Lake and Knox LLC, the owner of the 57-unit apartment at 1800 W. Lake St. in Minneapolis, wants to fill in the lowest level of an underground garage with sand and rock. The owners then want to build a tunnel to a new ramp on an adjoining piece of land and even provide 24-hour valet service until the new lot is complete.

The proposed agreement will also require the building owners to stop pumping groundwater from the parking garage into the Minneapolis Chain of Lakes, which sparked a lawsuit from the City of Minneapolis and the Park Board.

Under the agreement outlined Monday in Hennepin County District Court, the apartment owners must stop pumping groundwater by March 31. The building has been pumping 90 million gallons of groundwater a year to a nearby lagoon; that's enough to fill the seating area of Target Center.

"We're very pleased with this settlement," Park Board attorney Brian Rice said at the hearing.

The city of Minneapolis and the Park Board sued the building owners a year ago, arguing that the groundwater pumping was both illegal and harmed the quality of nearby waters, particularly Lake Calhoun and the lagoon between Calhoun and Lake of the Isles.

Judge Philip D. Bush ruled the pumping is illegal.

Rice is scheduled to discuss the litigation with the board in a closed session on Wednesday. The board is seeking damages to offset the impact of extra algae-feeding phosphorus that city and park experts say is carried by the pumped water into the lake.

The finer details of the agreement crafted by attorney Charles Nauen, representing the city, and Del Ehrich, for Lake and Knox, now will be fleshed out. The final deal is expected to be submitted to the City Council for approval in mid-January, and then submitted to Bush for formal approval.

"It appears this is a workable solution," Bush said after hearing the tentative agreement.

The deal calls for the building owner to reimburse the city $130,709 for extra sewer cleaning and to reroute the pumped water from the lagoon out onto Calhoun to minimize unsafe ice conditions for the City of Lakes Loppet ski races. It will also pay about $75,000 more for rerouting the flow in the coming winter.

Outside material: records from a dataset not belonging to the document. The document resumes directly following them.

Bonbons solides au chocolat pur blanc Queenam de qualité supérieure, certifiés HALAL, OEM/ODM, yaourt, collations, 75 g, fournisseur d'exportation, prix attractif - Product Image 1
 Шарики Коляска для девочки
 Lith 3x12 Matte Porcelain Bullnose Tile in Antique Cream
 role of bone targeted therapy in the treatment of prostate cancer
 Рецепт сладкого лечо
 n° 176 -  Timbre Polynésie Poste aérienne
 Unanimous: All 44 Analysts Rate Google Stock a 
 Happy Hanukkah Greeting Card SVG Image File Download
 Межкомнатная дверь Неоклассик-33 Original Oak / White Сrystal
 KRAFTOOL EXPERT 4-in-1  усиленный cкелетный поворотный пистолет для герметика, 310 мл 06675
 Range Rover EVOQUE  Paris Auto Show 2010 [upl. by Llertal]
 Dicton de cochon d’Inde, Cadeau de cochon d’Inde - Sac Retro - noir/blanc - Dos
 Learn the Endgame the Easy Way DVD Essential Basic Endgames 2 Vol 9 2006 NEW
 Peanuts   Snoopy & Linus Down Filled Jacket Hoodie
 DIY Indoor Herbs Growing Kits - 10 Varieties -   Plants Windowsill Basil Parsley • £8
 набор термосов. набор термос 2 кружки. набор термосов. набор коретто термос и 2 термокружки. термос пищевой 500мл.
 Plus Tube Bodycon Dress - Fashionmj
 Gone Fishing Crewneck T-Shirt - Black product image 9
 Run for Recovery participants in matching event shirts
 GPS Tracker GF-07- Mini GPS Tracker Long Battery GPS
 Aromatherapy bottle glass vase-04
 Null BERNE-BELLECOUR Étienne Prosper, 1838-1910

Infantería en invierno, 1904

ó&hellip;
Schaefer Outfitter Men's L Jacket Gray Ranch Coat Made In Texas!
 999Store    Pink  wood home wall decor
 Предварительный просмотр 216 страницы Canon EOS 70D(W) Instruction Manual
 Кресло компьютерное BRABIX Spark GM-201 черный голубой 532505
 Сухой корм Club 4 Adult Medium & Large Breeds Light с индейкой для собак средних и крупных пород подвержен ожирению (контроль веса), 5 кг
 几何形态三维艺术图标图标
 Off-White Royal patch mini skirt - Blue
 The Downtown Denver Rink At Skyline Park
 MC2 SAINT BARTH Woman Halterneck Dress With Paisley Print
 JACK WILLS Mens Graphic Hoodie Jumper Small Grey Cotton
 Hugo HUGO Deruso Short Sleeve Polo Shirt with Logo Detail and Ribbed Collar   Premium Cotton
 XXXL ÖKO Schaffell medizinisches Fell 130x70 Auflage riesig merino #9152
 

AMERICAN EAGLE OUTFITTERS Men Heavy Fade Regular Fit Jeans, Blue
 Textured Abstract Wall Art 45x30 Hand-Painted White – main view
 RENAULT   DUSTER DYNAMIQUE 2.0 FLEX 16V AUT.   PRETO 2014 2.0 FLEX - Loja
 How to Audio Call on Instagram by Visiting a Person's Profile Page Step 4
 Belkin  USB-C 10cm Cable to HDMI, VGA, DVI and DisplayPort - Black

Lake and Knox said in court filings that it plans to use valet parking temporarily and build a new underground ramp next door within a year to replace the parking it loses when it fills in its lower-level garage area, which was built below the water table.

Lake and Knox is now seeking damages from several of its technical consultants on the apartment project, which was completed in 2011.

The replacement parking is not part of the agreement, but Lake and Knox owners said replacing the lost spaces is crucial to hold on to tenants and ensure the owners have the cash flow to finance the work.

The owners plan to remove mechanical and electrical components from the lower parking level, fill it with sand and gravel, and then seal it off from remaining basement parking. The firm said that careful fill-in work is crucial to ensuring the building remains stable. It estimates the work will cost $1.2 million, while new parking is expected to cost $2 million.

"This is a big construction project, a lot of moving pieces. Everybody expects it will be implemented," Ehrich said.

"It is turning the basement into a much deeper footing for the building," Bush said.

The judge keeps jurisdiction over the deal in case disputes arise. The agreement allows for delays in the event of major weather challenges.